This repository contains the source code corresponding to the master thesis "ConceptFormer: Towards Finding the Essence of Everything in Large Language Models," including all code to generate the required datasets (T-Rex Bite, Tri-Rex, T-Rex Star), the model architecture, the code to train and evaluate the model, as well as all scripts to generate the plots used in the final thesis.

The repository employs some root-level scripts that can be executed to replicate the results shown in the ConceptFormer thesis from scratch.

0. Setup

Running this code requires Python 3.11 (lower or higher versions probably won't work), as well as sufficient hardware (RTX 4090 or better, at least 24GB VRAM is required, and 500+ GB of CPU RAM). To get started, create a new virtual environment and install the dependencies using

pip install -r requirements.txt

1. Generate T-Rex

To get started, we need the T-Rex dataset in the Huggingface Dataset format. Running:

python3 1_generate_TREx.py

generates the T-Rex Dataset class. You can find the corresponding implementation in the src/Datasets/Trex.py folder.

Note that all datasets come in two forms: A regular one (e.g., T-Rex) and a Lite version (e.g., T-Rex Lite).

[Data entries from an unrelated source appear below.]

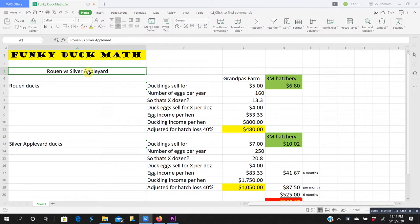Alright kids, let's do a little funky duck math — Rouen versus Silver Appleyard, ready to rumble! My Rouen ducks: I can sell baby ducklings for five dollars a piece. A Rouen hen will typically lay 160 eggs in a given year — that's 13.3 dozen eggs. I can sell duck eggs at four dollars a dozen, so my income from one Rouen hen is $53.33 in eggs.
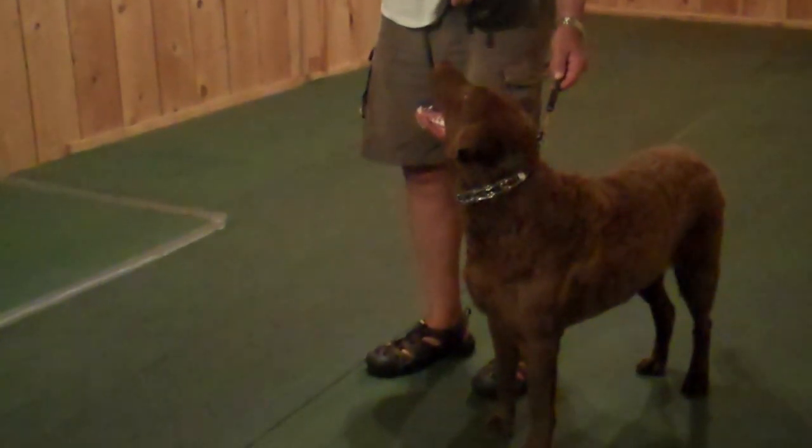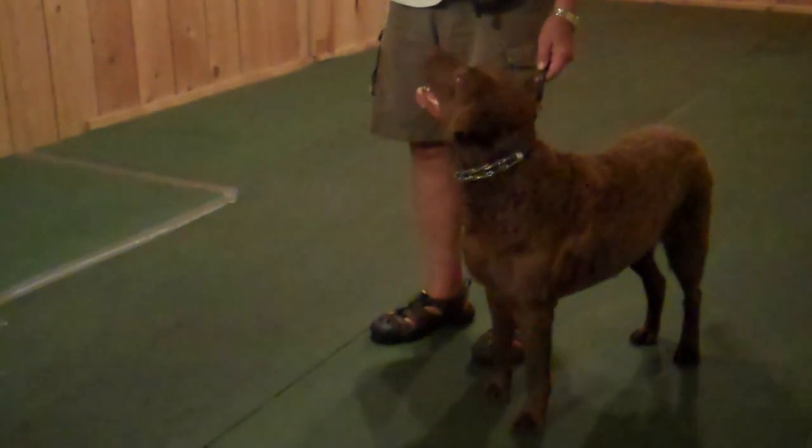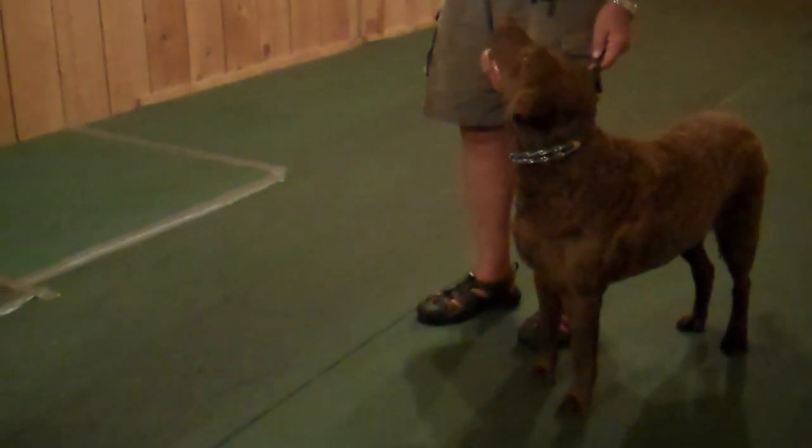Chesapeakes are not typically as animated as he has been, and it's delightful to see a Chesapeake like that. Now watch how fast he is and how happy he is.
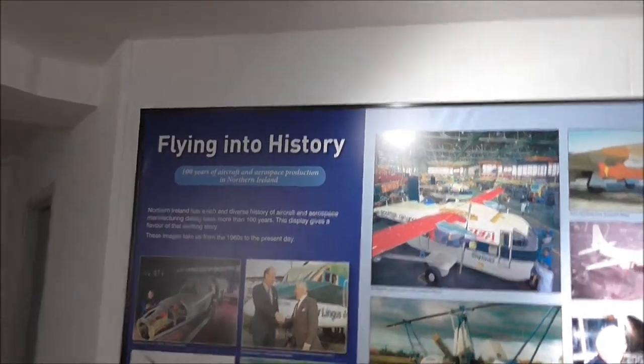The museum celebrates 100 years of aircraft and aerospace production in Northern Ireland.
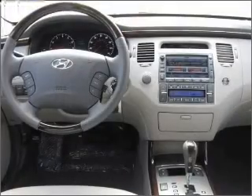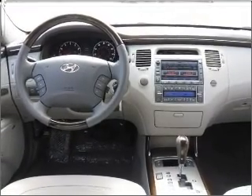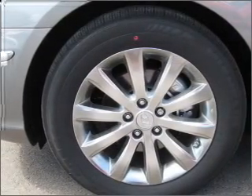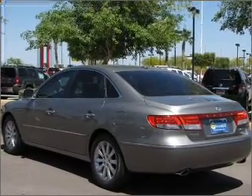Premium wheels lend a distinctive appearance. Get advanced listening benefits from the premium sound system. Anti-lock brakes help you bring your vehicle to a safe stop. Heated seats offer comfort in cold weather. There's nothing like a sunroof on a nice day.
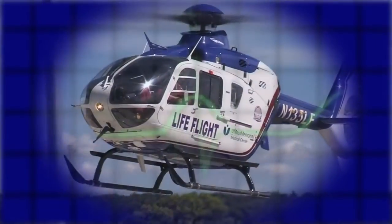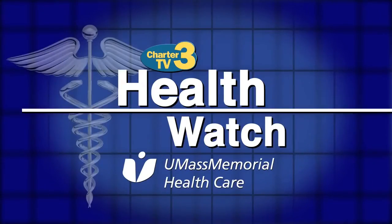Health Watch is presented by UMass Memorial Health Care — here, caring for you. Welcome to Health Watch presented by UMass Memorial Health Care. We're talking about kidney stones, a common and unfortunately painful condition.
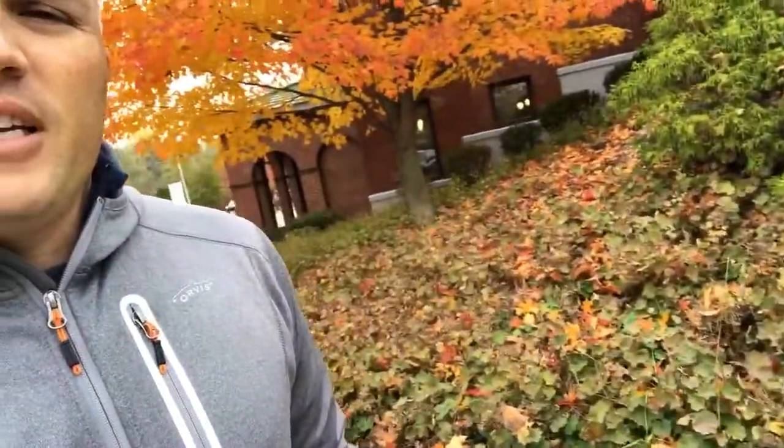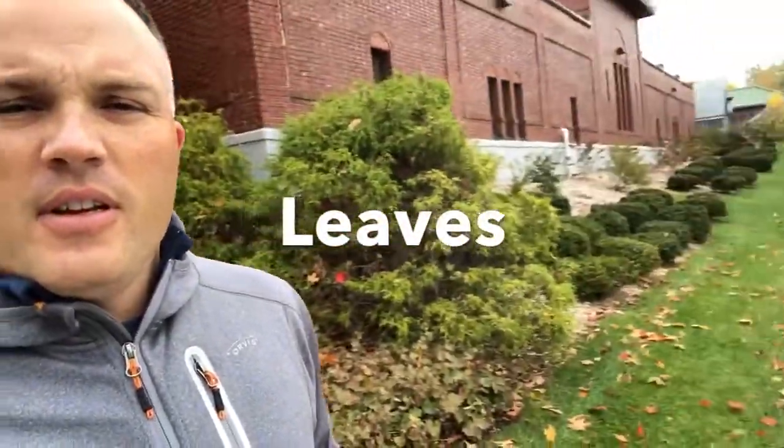The first one is leaves — picking up the leaves, getting those especially out of the gutters up there. You really don't want the leaves to get all icy and snow-packed and then jam up the downspouts in your gutters. Also, if they lay in the ground during the winter they'll end up killing the grass, so highly recommend getting rid of the leaves.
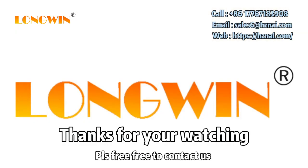Thank you for listening. If you are interested, please contact me.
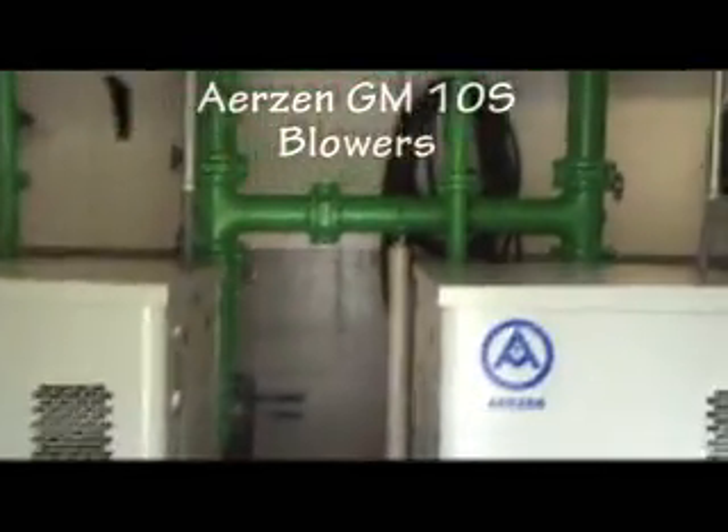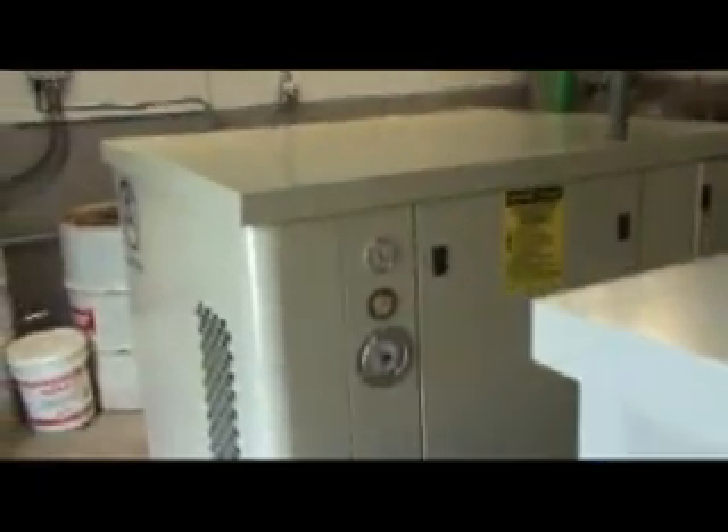Here's the digester blower room. You just run one blower at a time, right? Yep. And it's this one that's running... Can't even tell. It's so quiet you can't even tell which one is on.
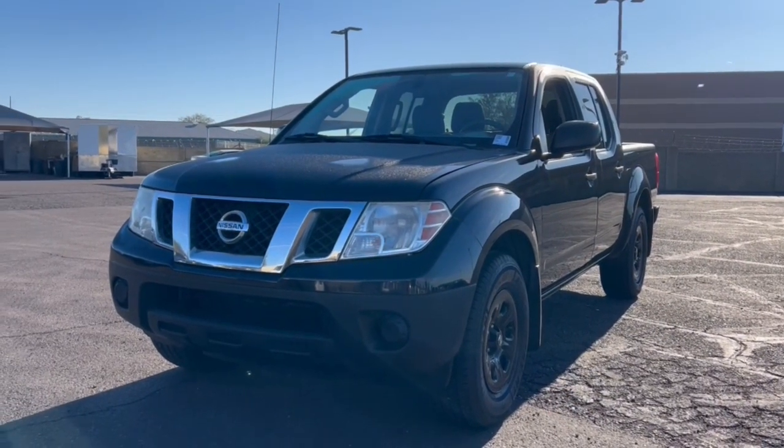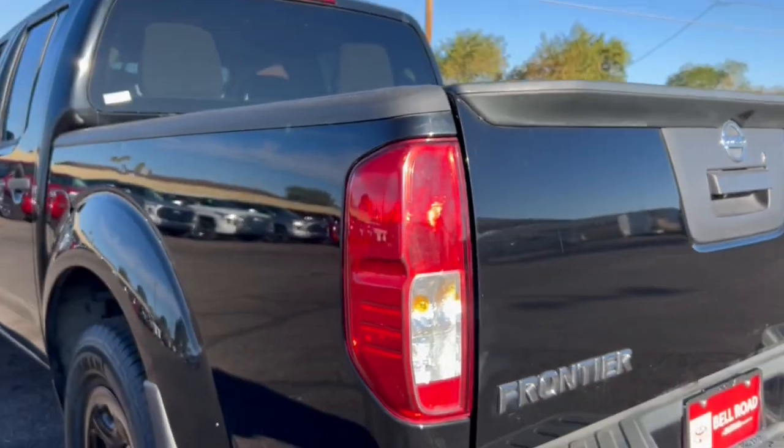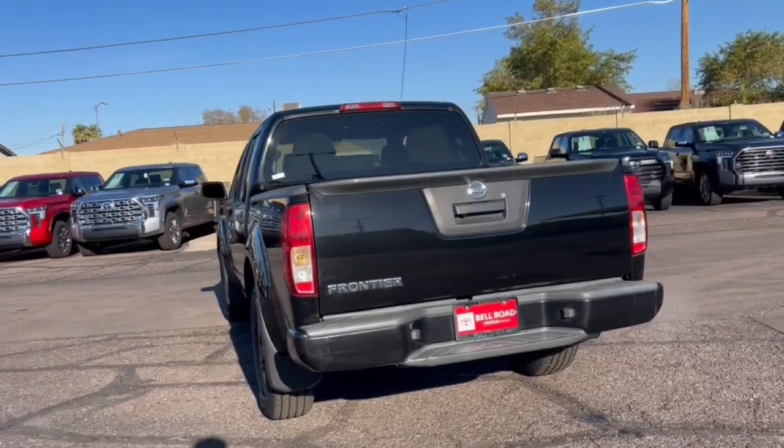Get acquainted with the 2018 Nissan Frontier. Here's a hard-working Nissan Frontier, the midsize pickup that's durable, comfortable, and up to the task. Whether you're on the job site or hitting the trail, this rugged partner has your back.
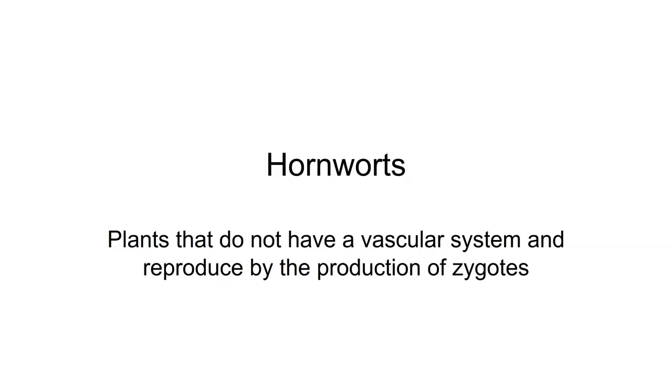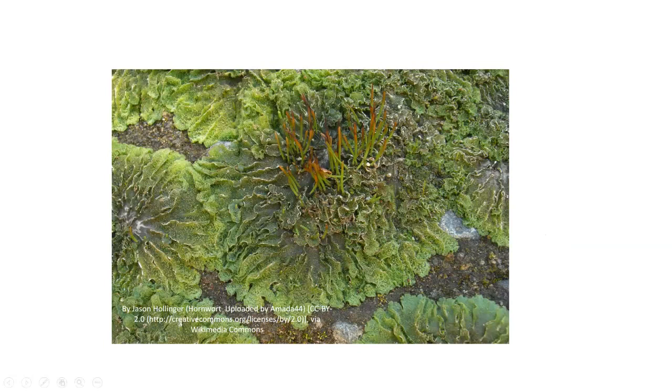Another unique group of plants are called the hornworts. Hornworts are plants that do not have a vascular system and reproduce by the production of zygotes, which means we're looking at something that's very rudimentary, very low down on the evolutionary chain. These are things that started out back when we started getting plants that began moving on to a more terrestrial environment.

The lite versions are subsets of the regular datasets and are useful for quick experimentation.

2. Generate T-Rex Star

Next, we extract all relevant entities from the T-Rex dataset, query Wikidata for their local neighborhood, and save the resulting subgraphs into a new dataset called "T-Rex Star":

python3 2_generate_TRExStar.py --dataset_name TRExStarLite --version 1 --edge_limit 1

Use the dataset_name argument to generate either the lite or full version of T-Rex Star. You can limit the number of edges contained in the subgraph using the edge_limit argument.

The script spawns 8 parallel workers that query Wikidata. It is not recommended to add more workers, as you start to get rate-limited or even IP-blocked by Wikidata.

Querying Wikidata for millions of entities takes a while. To speed things up, you can run a local instance of Wikidata using qEndpoint and change the SPARQL endpoint in the following source script: src/GraphQueryEngine/SparqlEngine.py.

To extract the whole neighborhood and not limit the number of neighbors, simply set the edge_limit to something like 10,000.

If you limit the number of neighbors, we prioritize their inclusion based on PageRank, which is automatically downloaded from AWS.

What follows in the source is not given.